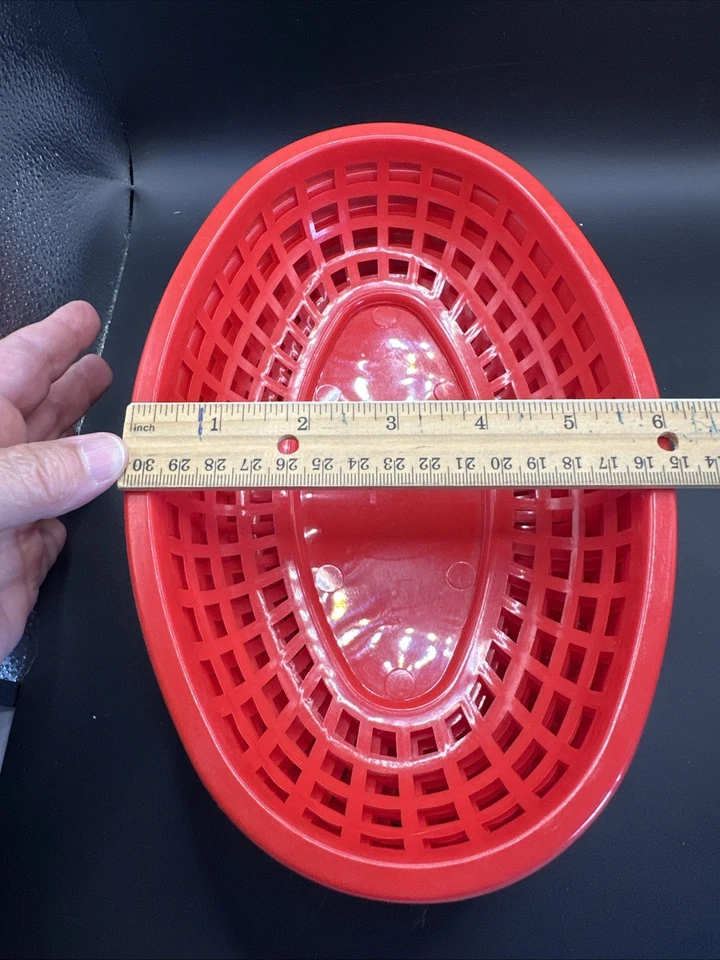 Red Oval Reusable Plastic Serving Basket Table Craft Product Co Set Of 9 - Image 3 of 4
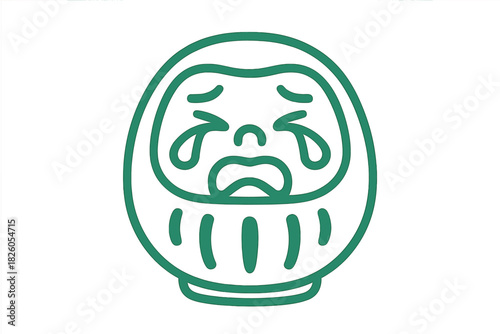 Minimalist green outline of a crying Japanese Daruma doll head symbolizing failure and misfortune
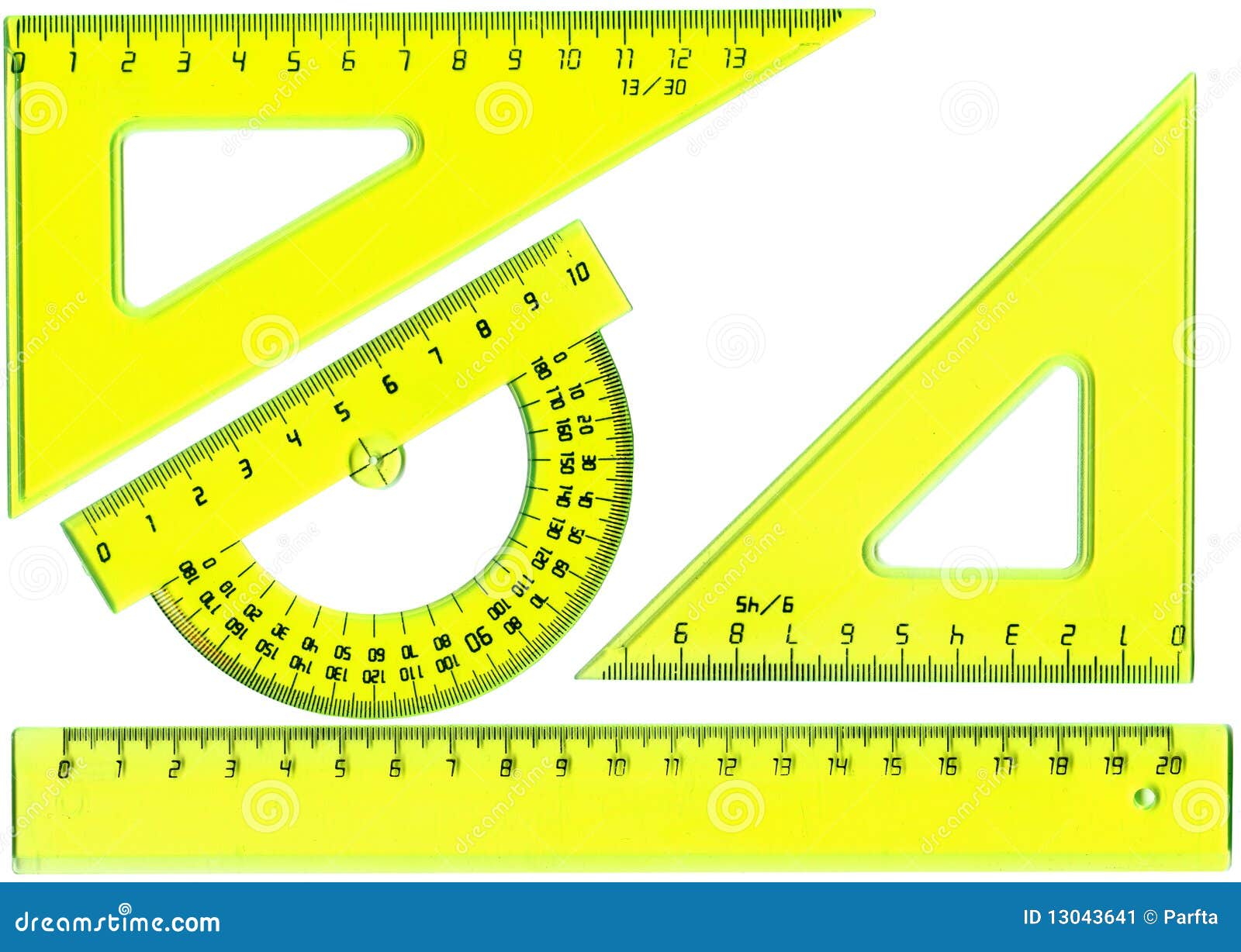 Straightedge, Protractor, Triangle Isolated Stock Image - Image of ...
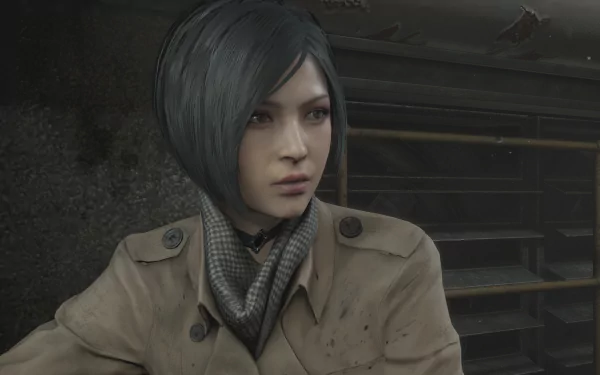 4K Ultra HD desktop wallpaper featuring Ada Wong from the video game Resident Evil 2 (2019), showcasing her in a detailed, atmospheric setting.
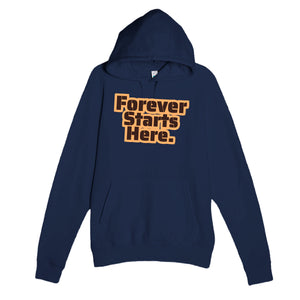 Forever Starts Here — heartfelt navy unisex hoodie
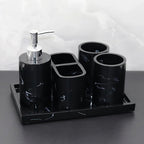 Modern Marble Look Ink-Style 5pcs Bathroom Accessory Set with Rectangular Tray, Toothbrush Holder, Tumbler, and Lotion Dispenser Set House Of Avana [[SKU:HOA-BAT-412]]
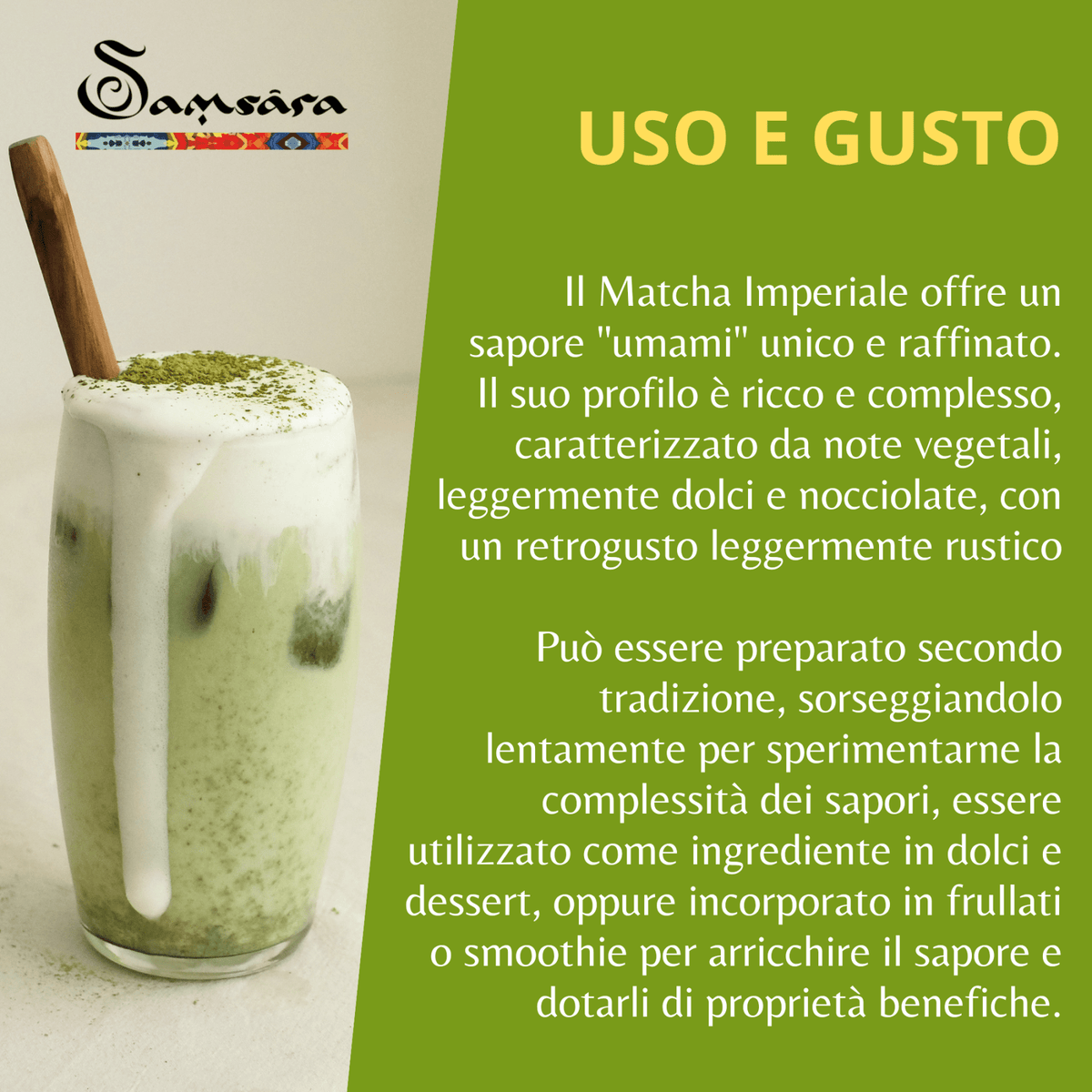 SAMSARA - Matcha Cerimoniale Grado Imperiale, YAME Fukuoka. Raccolta manuale, macinatura pietra, no vapore, EGCG testato, e-guida, 25g - Clorophilla Shop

## Work task
Take the line containing "Forever Starts Here" and every line after it through the end of the data, and write them out exactly, with no pictures.

## Result for this task
 Forever Starts Here — heartfelt navy unisex hoodie
 Modern Marble Look Ink-Style 5pcs Bathroom Accessory Set with Rectangular Tray, Toothbrush Holder, Tumbler, and Lotion Dispenser Set House Of Avana [[SKU:HOA-BAT-412]]
 SAMSARA - Matcha Cerimoniale Grado Imperiale, YAME Fukuoka. Raccolta manuale, macinatura pietra, no vapore, EGCG testato, e-guida, 25g - Clorophilla Shop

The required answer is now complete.